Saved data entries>
===

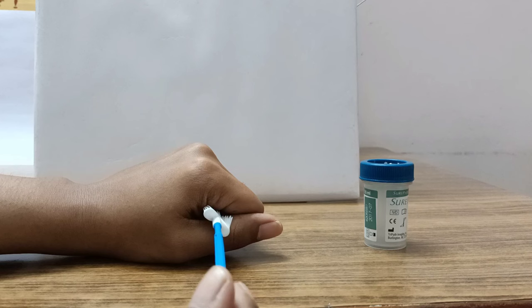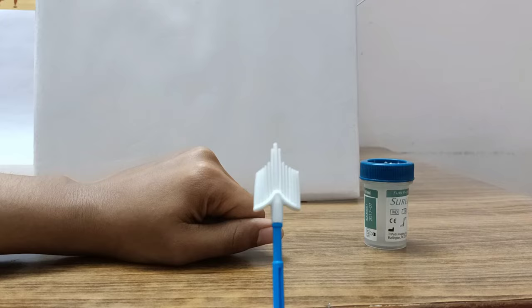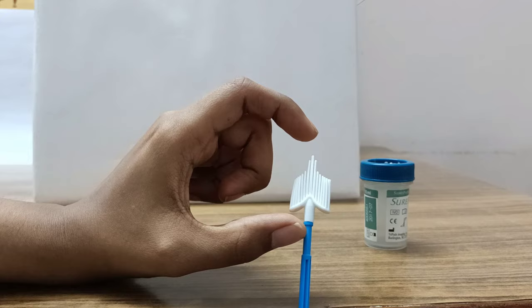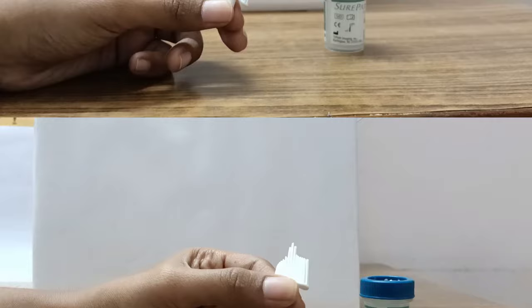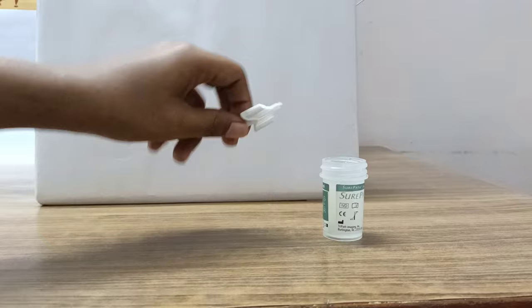After that I have taken enough cells and I am going to transfer this part of the cytobroom. It gets detached from here and the cytobroom is then put inside this SurePath vial like this and sent for liquid based cytology to the pathologist.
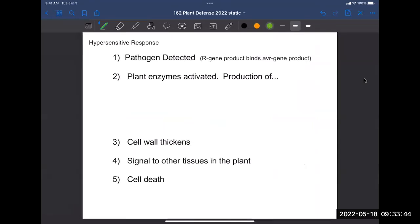After the R gene product binds to the AVR gene product — meaning the pathogen is detected — a signal transduction pathway activates several plant enzymes. This leads to the production of a few key molecules. One important one is nitric oxide (NO), which is different from nitrous oxide (NO₂, laughing gas). The nitric oxide causes the cell wall to thicken and harden, helping to prevent the pathogen from escaping to neighboring cells. The pathway also produces hydrogen peroxide and superoxide — a negatively charged oxygen molecule — which are called reactive oxygen intermediates.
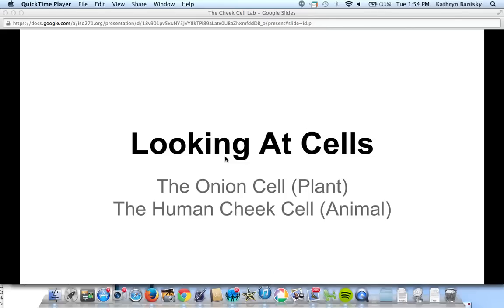Hello students! Today we're going to be talking about our cells labs, where we're going to be using our microscopes to actually look at cells in the classroom. We have two labs: the onion cell lab, which will show us the parts of the plant cell, and the second lab, the human cheek cell lab, which will show us the parts of the animal cell.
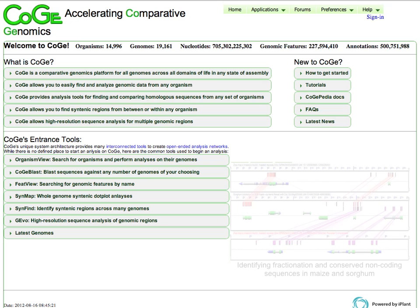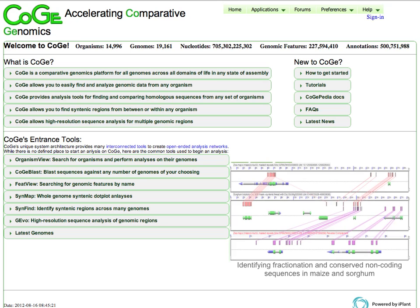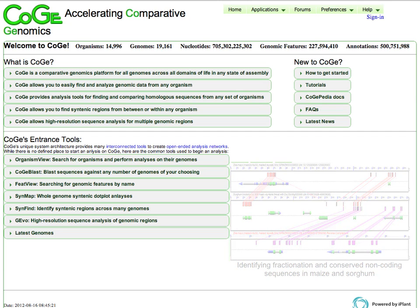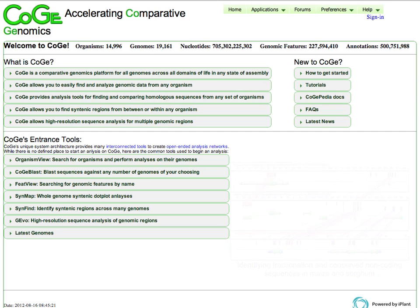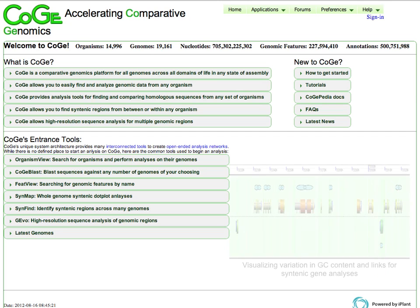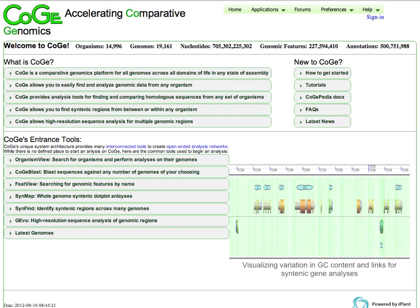Hi, this is Eric Lyons, and this is a quick video tutorial on how to use some of the tools in CoGe in order to generate a syntenic dot plot where you mark on the dot plot where a particular gene is of interest.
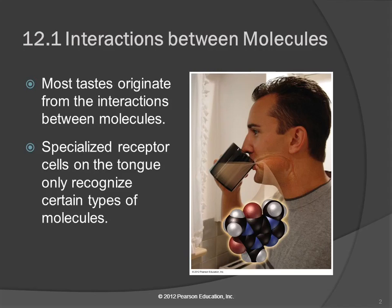Have you ever wondered why things taste the way they do? How does your tongue distinguish that some things taste good and some things taste bad? It's an interaction between the molecules in the food that you eat and specialized receptor cells on your tongue. Those cells have molecules in them as well, and it's the way those molecules interact that send signals to your brain — I like this, or that's nasty, spit it out now.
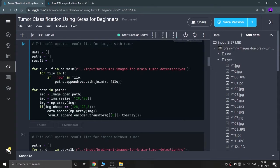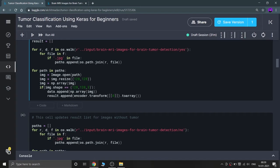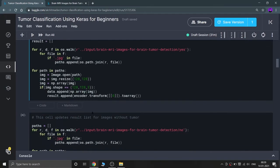Then I iterate through each path, read the image using PIL, and resize it to 128x128, because I can't feed different-sized images to my model — I need a standardized size. I convert the image to numpy form using np.array, and if the shape is (128, 128, 3), I append it to the data list. Then I one-hot encode the answer as 0 (tumor) and append it to the result list.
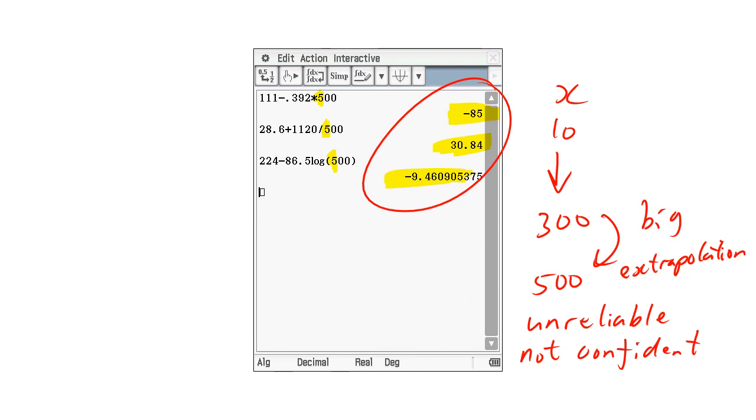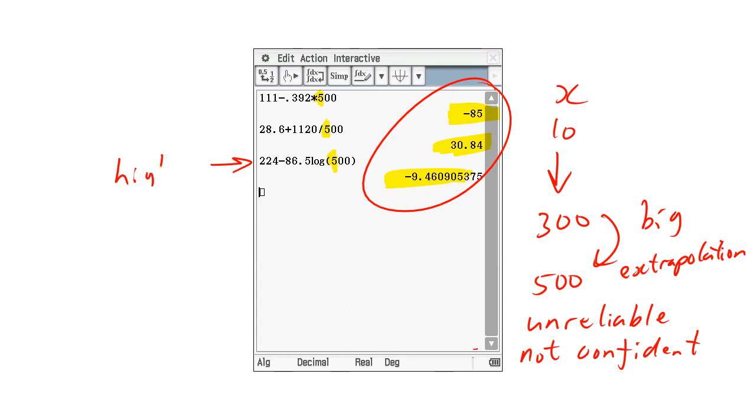Depending on what you're measuring, a negative could be a really weird value. So don't forget that as well. Like, if you were looking at the population of bacteria and your prediction gave you a negative value, well, how do you have negative population? So even if this has got a high R, a negative might not, in a certain context, make sense. So a big extrapolation means unreliable, not confident.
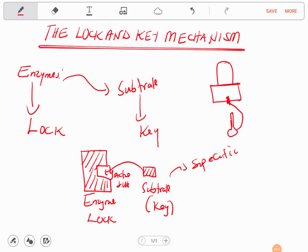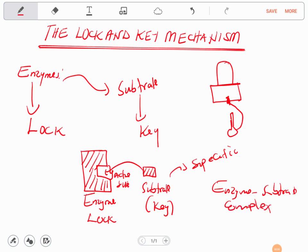Once an enzyme and the substrate fit together, they form what we call an enzyme-substrate complex. Because enzymes are protein in nature and do not get used up in the process, they can be used over and over again. This is what the lock and key mechanism in enzymes is about.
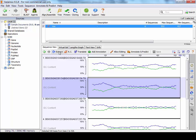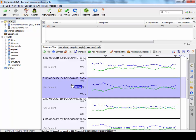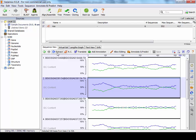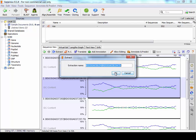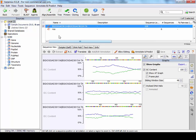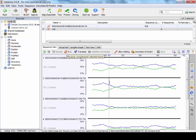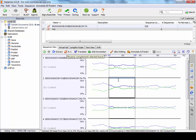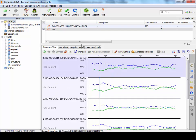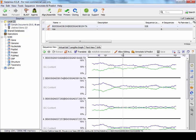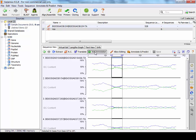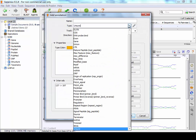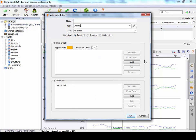So these buttons along here, you can extract a sequence by clicking extract, and this will extract it to another file. You can reverse complement a sequence, highlight, and then just reverse complement that sequence or the whole sequence. You can translate these sequences to proteins. You can allow editing and then change the sequence yourself. You can highlight add annotations. So if you wanted to add a cDNA or a gene annotation, you can do so.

===

What is expected>
What you return must match the records above exactly, minus any images.

Final answer>
After that I have taken enough cells and I am going to transfer this part of the cytobroom. It gets detached from here and the cytobroom is then put inside this SurePath vial like this and sent for liquid based cytology to the pathologist.
After the R gene product binds to the AVR gene product — meaning the pathogen is detected — a signal transduction pathway activates several plant enzymes. This leads to the production of a few key molecules. One important one is nitric oxide (NO), which is different from nitrous oxide (NO₂, laughing gas). The nitric oxide causes the cell wall to thicken and harden, helping to prevent the pathogen from escaping to neighboring cells. The pathway also produces hydrogen peroxide and superoxide — a negatively charged oxygen molecule — which are called reactive oxygen intermediates.
Hello students! Today we're going to be talking about our cells labs, where we're going to be using our microscopes to actually look at cells in the classroom. We have two labs: the onion cell lab, which will show us the parts of the plant cell, and the second lab, the human cheek cell lab, which will show us the parts of the animal cell.
Hi, this is Eric Lyons, and this is a quick video tutorial on how to use some of the tools in CoGe in order to generate a syntenic dot plot where you mark on the dot plot where a particular gene is of interest.
Have you ever wondered why things taste the way they do? How does your tongue distinguish that some things taste good and some things taste bad? It's an interaction between the molecules in the food that you eat and specialized receptor cells on your tongue. Those cells have molecules in them as well, and it's the way those molecules interact that send signals to your brain — I like this, or that's nasty, spit it out now.
Then I iterate through each path, read the image using PIL, and resize it to 128x128, because I can't feed different-sized images to my model — I need a standardized size. I convert the image to numpy form using np.array, and if the shape is (128, 128, 3), I append it to the data list. Then I one-hot encode the answer as 0 (tumor) and append it to the result list.
Depending on what you're measuring, a negative could be a really weird value. So don't forget that as well. Like, if you were looking at the population of bacteria and your prediction gave you a negative value, well, how do you have negative population? So even if this has got a high R, a negative might not, in a certain context, make sense. So a big extrapolation means unreliable, not confident.
Once an enzyme and the substrate fit together, they form what we call an enzyme-substrate complex. Because enzymes are protein in nature and do not get used up in the process, they can be used over and over again. This is what the lock and key mechanism in enzymes is about.
So these buttons along here, you can extract a sequence by clicking extract, and this will extract it to another file. You can reverse complement a sequence, highlight, and then just reverse complement that sequence or the whole sequence. You can translate these sequences to proteins. You can allow editing and then change the sequence yourself. You can highlight add annotations. So if you wanted to add a cDNA or a gene annotation, you can do so.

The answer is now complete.